**PROBLEM:** Retype nothing except the lines below from the one with "30 Pine St, Thomaston, ME" through the one with "Wood-finish flooring, light", exactly, with images left out.

**MATERIAL FOR THIS EXERCISE:**
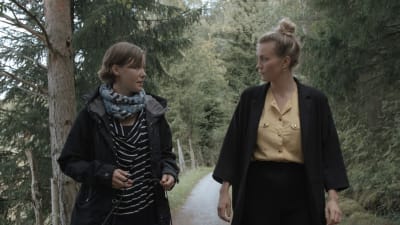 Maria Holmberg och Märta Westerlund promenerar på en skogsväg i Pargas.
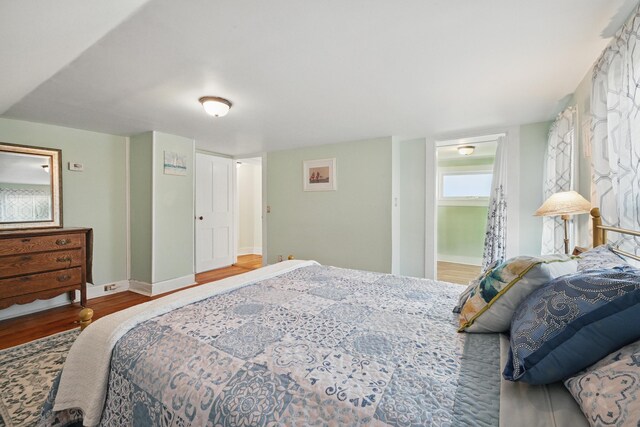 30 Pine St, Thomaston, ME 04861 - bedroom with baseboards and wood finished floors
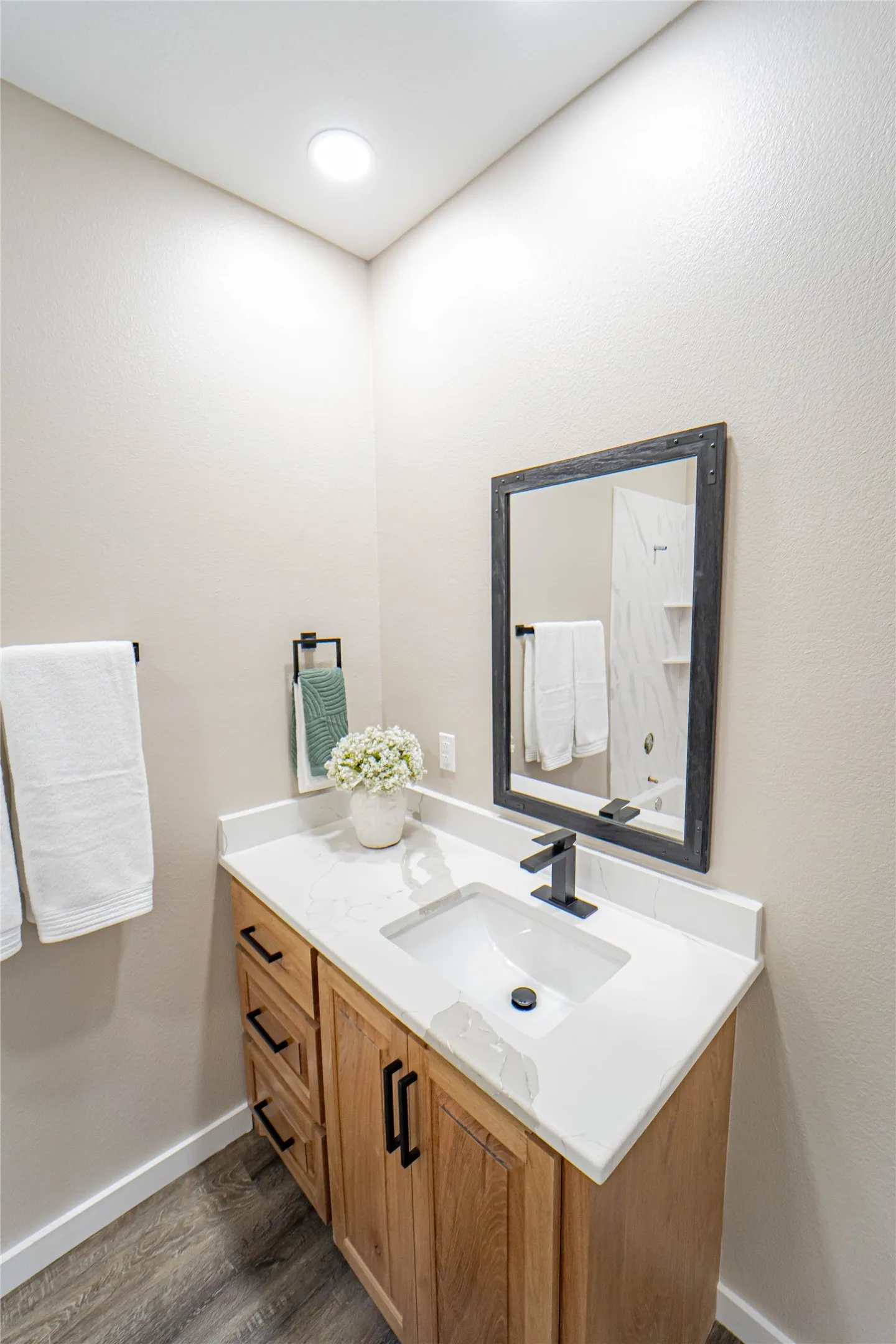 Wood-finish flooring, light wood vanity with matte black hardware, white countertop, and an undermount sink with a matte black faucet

==

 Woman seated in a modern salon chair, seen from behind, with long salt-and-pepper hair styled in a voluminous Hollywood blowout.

**RESULT FOR THIS TASK:**
 30 Pine St, Thomaston, ME 04861 - bedroom with baseboards and wood finished floors
 Wood-finish flooring, light wood vanity with matte black hardware, white countertop, and an undermount sink with a matte black faucet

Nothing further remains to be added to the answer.